Nélida ficou conhecida como defensora dos direitos humanos durante a ditadura militar. Em Livro das Horas, Nélida relata, em detalhes, a sua participação no Manifesto dos mil em 1977 no governo do presidente Ernesto Geisel ("Manifesto dos Intelectuais") durante o a ditadura militar. A escritora Lygia Fagundes Telles, com três colegas, liderou a elaboração de um abaixo-assinado de mais de mil signatários contra a censura. As assinaturas foram entregues no Ministério da Justiça, em Brasília, para o ministro Armando Falcão.

Tratava-se do primeiro documento da sociedade civil a reclamar o fim da censura e volta da democracia. Nélida fazia parte da organização do manifesto e não estaria presente no ato de entrega do documento em Brasília. No entanto, numa última reunião, foi decidido que a sua presença seria indispensável, uma vez que, em caso de algum acidente, ela seria capaz “enfrentar diplomaticamente” o ministro. Algo um tanto irônico, ao considerarmos também que ela levava em sua bolsa um machado e um punhado de tachas, para caso o ministro fechasse as portas do prédio impedindo sua passagem.

Nélida relembra com grande sensibilidade a amizade e também a perda de muitas pessoas queridas, como a sua amizade com os também escritores Clarice Lispector, Marly de Oliveira e Bruno Tolentino. Todos já haviam falecido antes da escrita do livro. Clarice Lispector foi a primeira vítima de câncer em 1977. 

“Desejo encerar o questionamento para falarmos do passado, de Clarice Lispector e Marly de Oliveira. Quando as três íamos visitá-lo no sítio, em Jacarepaguá, onde criava galinhas. (…)
Ríamos e sentíamo-nos jovens e eternos, na iminência de adquirir um amadurecimento que inevitavelmente envenenaria o nosso futuro.” (Livro das Horas, Ed. Temas e Debates p.53)
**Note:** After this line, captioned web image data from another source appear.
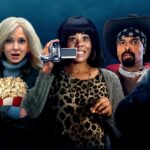 Todo Mundo em Pânico 6 ganha data de estreia no streaming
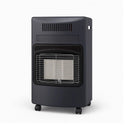 dg stufa a gas ventilata 2 in 1 infrarossi 42 kw ean 8056211202179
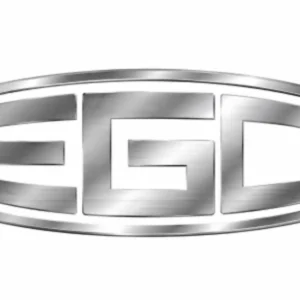 Ego Fishing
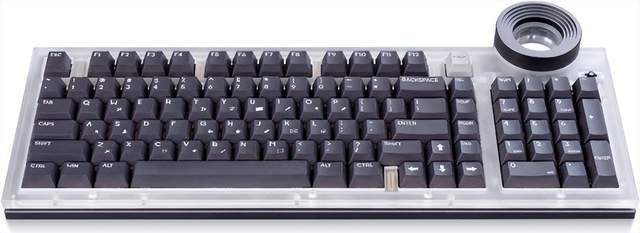 MWC 2026：联想把创新 AI 硬件摆上你的办公桌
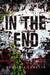 In the End (In the After, #2)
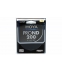 Filtr HOYA PROND 200x 55 mm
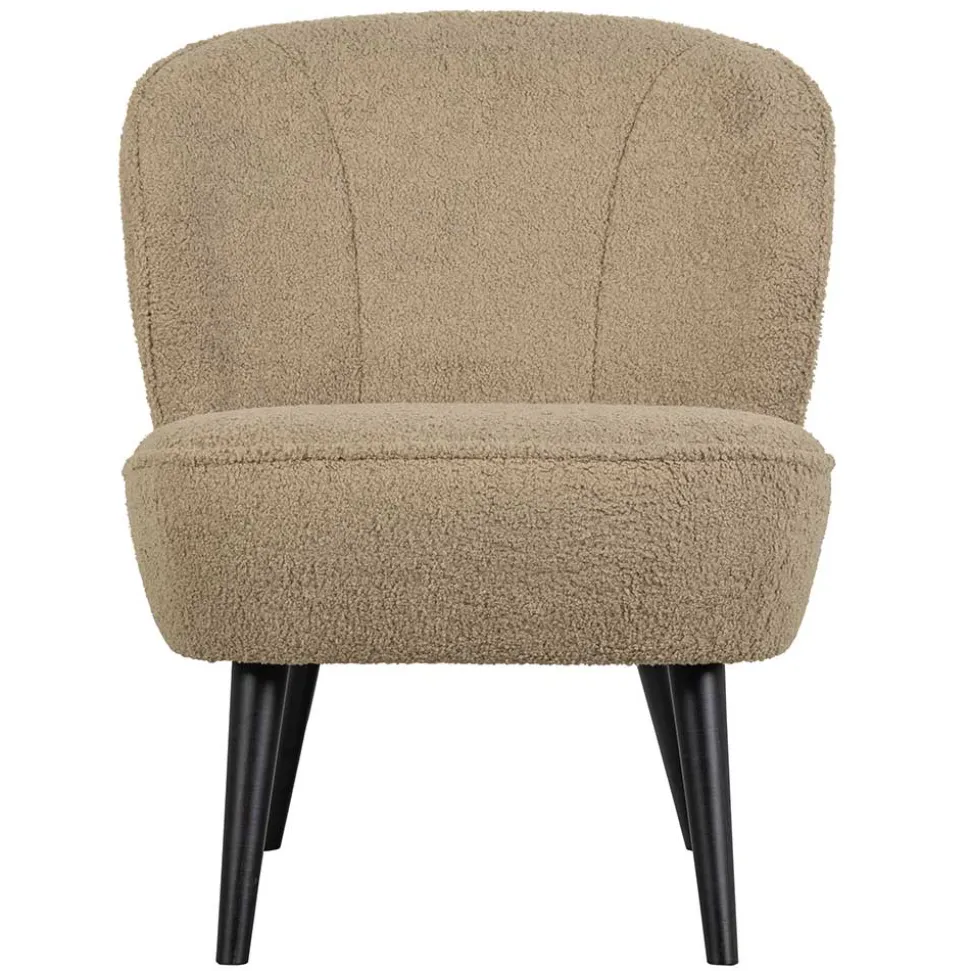 Cocktailsessel Bastionos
Foto: Nélida Piñon, Clarice Lispector e Marly de Oliveira.
Uma provocação final de Nélida Piñon:

Eu vou repetir uma frase que vivo repetindo há anos, mas é uma frase que não pode ser mudada: se Machado de Assis existiu, o Brasil é possível.” - Nélida Piñon

Esta postagem faz parte do Desafio Mulheres na Academia Brasileira, que consiste em ler pelo menos um livro de cada escritora e fazer uma postagem sobre ela e sua obra.

Aceita o desafio também? 

Texto de autoria e responsabilidade do blog Literatura Brasileira.

Referências

1. Entrevista ao programa Imagem da Palavra (https://youtu.be/HXM1dSA3OP4)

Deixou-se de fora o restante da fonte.